A technical change has just been proposed that would affect the US social security network. We are talking about a reform proposal that, according to projections, could result in the rejection of disability assistance for more than 750,000 Americans over the next 10 years. Some critics do not hesitate to call it the biggest cut to disability insurance in the nation’s history.
At the heart of the controversy is one of the requirements that has been crucial for decades in determining whether a person is eligible for disability: the applicant’s age. Before going into detail, let’s first look at how the benefits system currently works.
What is Social Security Disability?
In the United States, disability benefits are divided into two programs: the first is Social Security Disability Insurance (SSDI). This is an earned insurance benefit, and it works exactly like a life or auto insurance policy. To qualify for this insurance, beneficiaries must have worked and paid payroll taxes to Social Security for a sufficient number of years.
On the other hand, there is Supplemental Security Income (SSI). This is a welfare program for blind, disabled, and elderly people over 65 with very little income and financial resources. Although the reform could affect both, the proposed change focuses on the disability eligibility rules that govern SSDI.
To determine whether a person is truly disabled, the Social Security Administration uses a five-step process. Most applicants are rejected or approved in the first four steps, but the real battleground is in the last step. This is where the SSA asks the following question: Can the applicant adjust to another type of work in the national economy?
The SSA and the Grid Rules
To respond to this approach, the SSA uses what are known as “Grid Rules.” These are vocational factors that combine four elements to arrive at a solution: your residual functional capacity (i.e., your physical limitations), your level of education, your past work experience, and, of course, your age.
The issue lies in recognizing the current reality of the labor market. Essentially, a 35-year-old man who has lost his job due to a back injury is not the same as a 56-year-old man with the same injury. According to the S.C.A., a person under the age of 50 is sufficiently adaptable and young enough to change careers, retrain, and find a new job. However, for a person over the age of 50, age discrimination (however covert and disguised it may be) works against them.
This is why the SSA assumes that age becomes a significant barrier. It classifies the population aged 55 to 59 as “advanced age.” It recognizes that at this age, it is extremely difficult for a person with limited education and no transferable skills to compete in the labor market.

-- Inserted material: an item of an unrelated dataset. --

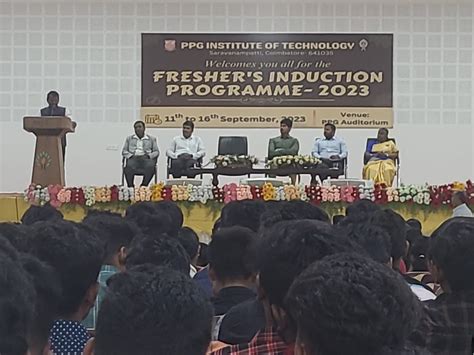 Best Engineering Colleges in Coimbatore | Tamilnadu | PPGIT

A clear example is a 56-year-old construction worker with severe arthritis and only a high school diploma. Although technically he can only lift 5 pounds (which qualifies him for “Sedentary Work”), the Mesh Rules conclude that no employers will hire him for a new office job. In such cases, the combination of age, education, and previous work makes it possible for him to be classified as “Disabled.”
The Administration’s Proposal
Trump’s proposal advocates for a modernization of the system, given that the current rules are completely archaic. The S.C.A. lists still include jobs from the 1970s (such as “nut sorter” or “telephone quotation clerk”). In today’s predominantly service-based economy, there are many sedentary and remote jobs that older workers would be able to adapt to.
The plan is to raise the age threshold from 55 to 60. If this change takes effect, the 56-year-old worker in the example would no longer be considered “advanced age.” He would be seen as someone with the ability to adapt. The SSA would rule that, although he cannot be a construction worker, he could be hired as, for example, a security camera monitor. Although it is still a proposed reform, the modernization of the SSA’s standards would have an impact on the economy and the labor market.